L’extrait étudié correspond à la fin du roman, de « M. de Nemours pensa expirer de douleur » jusqu’à « laissa des exemples de vertu inimitables » .

La Princesse de Clèves, excipit, introduction

Madame de la Fayette publie anonymement La Princesse de Clèves en 1678.

Ce roman qui se déroule à la cour d’Henri II où triomphent « la magnificence et la galanterie » interroge la possibilité de l’amour et sa compatibilité avec la morale et la vertu.

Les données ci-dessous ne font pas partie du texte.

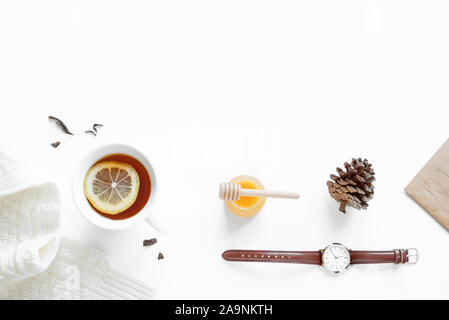 Winter cozy flat lay  -  Cup of Tea with lemon and honey, warm white sweater, pine cone and trendy watch isolated on white background. Minimal winter Stock Photo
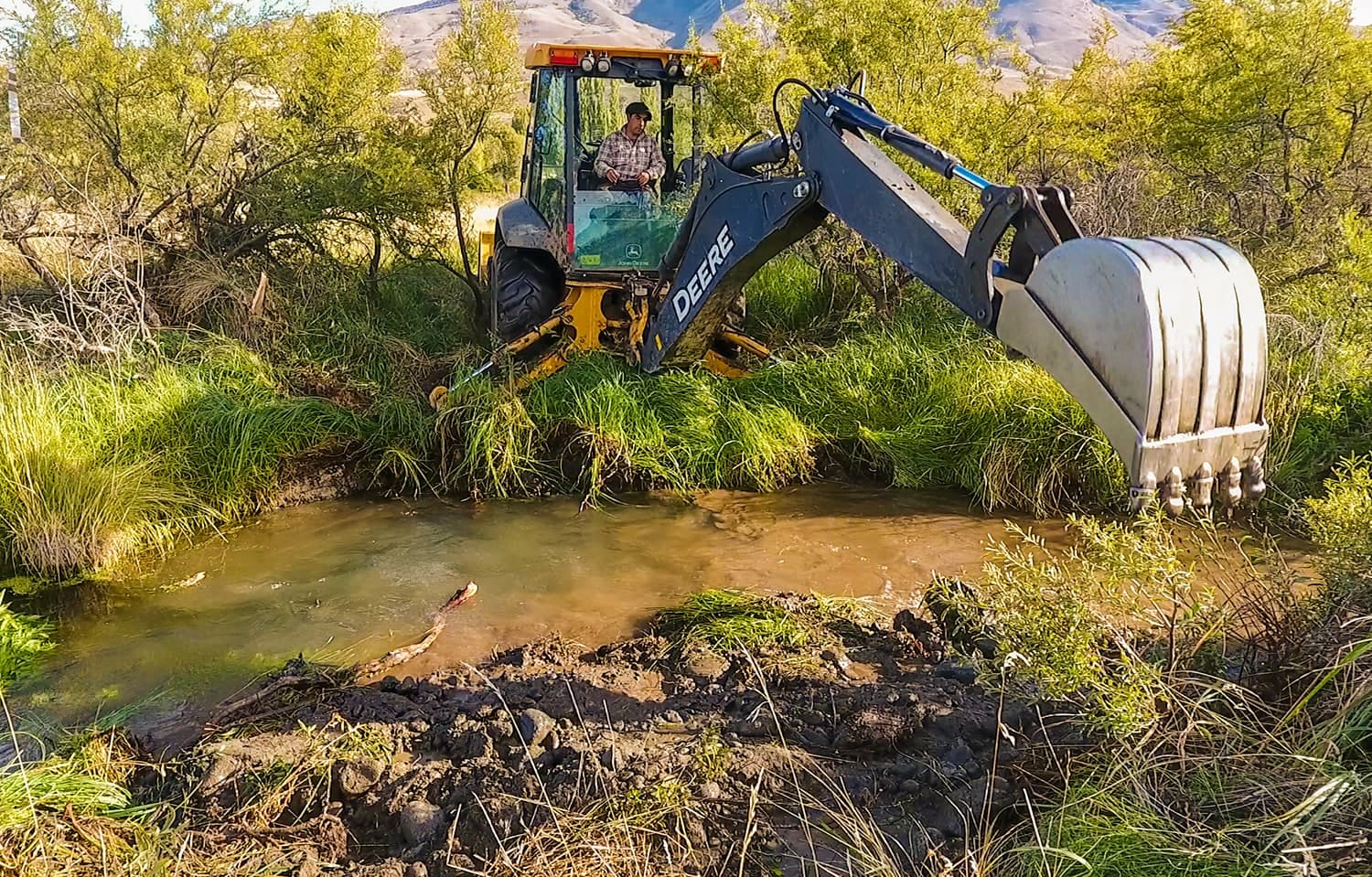 Retroexcavadora trabajando dentro del cauce de un arroyo entre pastizales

Ce récit narre la destinée d’une princesse exceptionnelle au sein de la Cour : après avoir épousé le Prince de Clèves, la princesse de Clèves éprouve une passion amoureuse pour un autre que son mari, le duc de Nemours.

Ce roman d’analyse psychologique évoque alors avec un raffinement inédit la lutte de la princesse pour ne pas céder à la passion.

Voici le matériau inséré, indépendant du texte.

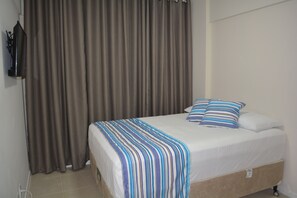 A bedroom with a bed, a TV, and curtains. - Sun Paradise - Beautiful 4 bedroom apartment by the sea (2) (Ponta Verde)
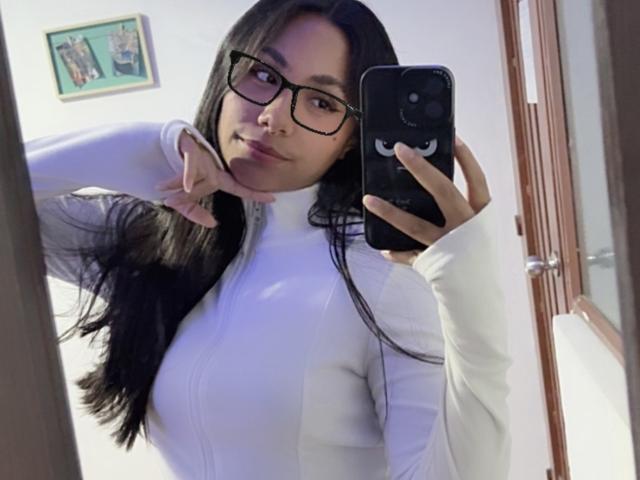 AnaRome with long black hair, glasses, and white zip-up, showing off her tits in a mirror selfie, making a peace sign with her right hand, holding a black phone.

(Voir mon analyse de La Princesse de Clèves – fiche de lecture essentielle pour le bac de français)

Le prince de Clèves, qui apprend cet amour secret, en meurt de chagrin.

Bouleversée par ce décès dont elle se sent responsable, la princesse de Clèves renonce à la cour et à l’amour du duc de Nemours, au profit d’une retraite religieuse où elle meurt.

L’extrait étudié ici en lecture linéaire clôt donc le roman par la mort de l’héroïne.

Texte étudié

M. de Nemours pensa expirer de douleur en présence de celle qui lui parlait. Il la pria vingt fois de retourner à madame de Clèves, afin de faire en sorte qu’il la vît ; mais cette personne lui dit que madame de Clèves lui avait non seulement défendu de lui aller redire aucune chose de sa part, mais même de lui rendre compte de leur conversation. Il fallut enfin que ce prince repartît, aussi accablé de douleur que le pouvait être un homme qui perdait toutes sortes d’espérances de revoir jamais une personne qu’il aimait d’une passion la plus violente, la plus naturelle et la mieux fondée qui ait jamais été. Néanmoins il ne se rebuta point encore, et il fit tout ce qu’il put imaginer de capable de la faire changer de dessein. Enfin, des années entières s’étant passées, le temps et l’absence ralentirent sa douleur et éteignirent sa passion. Madame de Clèves vécut d’une sorte qui ne laissa pas d’apparence qu’elle pût jamais revenir. Elle passait une partie de l’année dans cette maison religieuse, et l’autre chez elle ; mais dans une retraite et dans des occupations plus saintes que celles des couvents les plus austères ; et sa vie, qui fut assez courte, laissa des exemples de vertu inimitables.

Problématique

En quoi cet excipit affirme-t-il les dangers de la passion amoureuse ?

Annonce du plan linéaire

Nous pouvons distinguer trois mouvements dans cet excipit :

  • Le premier long mouvement, de « M. de Nemours » à « changer de dessein », dépeint la tentative désespérée du duc pour revoir la princesse de Clèves (I)
  • Dans le deuxième et bref mouvement de l’extrait, de « Enfin » à « sa passion », la passion du duc s’éteint (II)
  • Enfin, le dernier mouvement du texte, de « Mme de Clèves » à la fin, évoque la mort vertueuse de la princesse de Clèves (III).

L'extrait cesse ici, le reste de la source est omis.